地区の人たちが集まって藁でたいまつと、男を形どった人形、女を形どった人形をつくります。広場には大火が焚かれ、藁を燃やして「寝床」を作ります。そしてたいまつと人形に火を付け、場を半周して最後には焚かれた大火にたいまつを投入し、女の藁人形を仰向けに続いて、男の藁人形を下向きに重ねるようにして大火に投入して燃やします。
10年くらい前まではおかゆを炊いて、その中に餅をいれ、その餅を神に供えましたが、今は大火を焚いて、そこで焼いた餅を神に供えます。
(松明と藁人形火を付けて広場を周り、大火に投入します)
男の神に供える「米十分」、女の神には「麦十分」の意味はわからないのですが、米が十分取れるように、麦が十分取れるようにとの願いではないかと言われています。

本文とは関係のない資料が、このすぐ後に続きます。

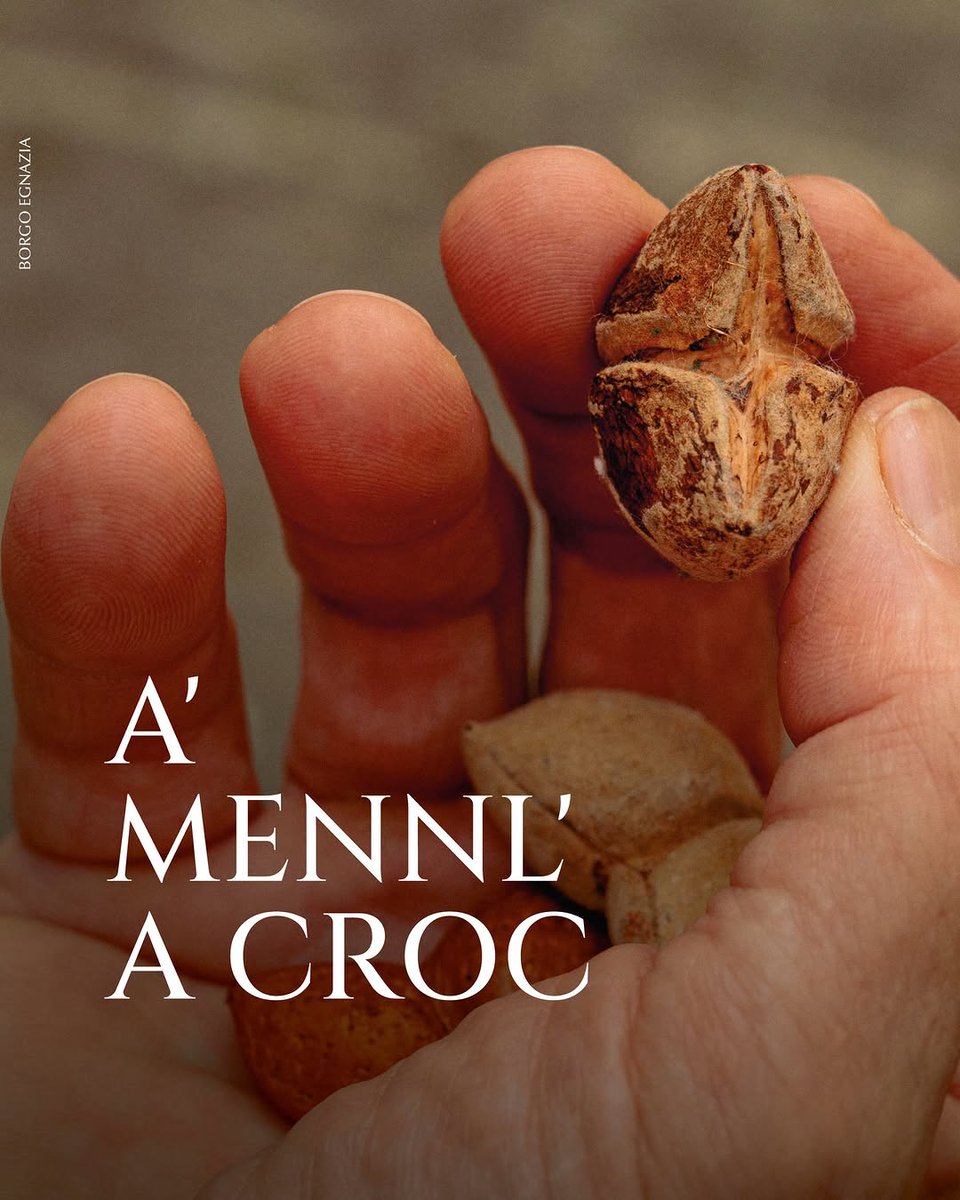 SOCREEVOLUCION's tweet photo. Si dice che tra mille mandorle, una sola porti la forma di croce.

In Puglia, tanto tempo fa, era il nonno a consegnarla nel palmo del nipote, come un cimelio di famiglia, spesso il giorno della Comunione, perché accompagnasse il cammino.

La mandorl... https://t.co/zuACCH1ZT2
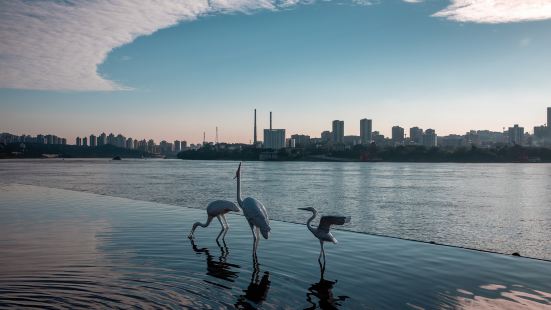 大魚海棠公園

また男の藁人形と女の藁人形重ねるようにして大火に投入するのは、子孫繁栄を願ってのことではないかと言われています。
この神事は以前7日に行われていましたが、最近はこの日に近い日曜日に行われています。また現在は地区の南側の八王子という山で行われていますが、中部台公園ができるまでは別なところにありました。中部台公園の建設で立ち退きにあい、現在の場所で行われるようになりました。
この神事がいつ頃から始まったかは定かでありませんが、地区のお年寄りが子供のときにはすでに行われていたということで、かなり昔から行われていたことになります
このような昔からの伝承神事はいつまでも続けていただきたいと思います。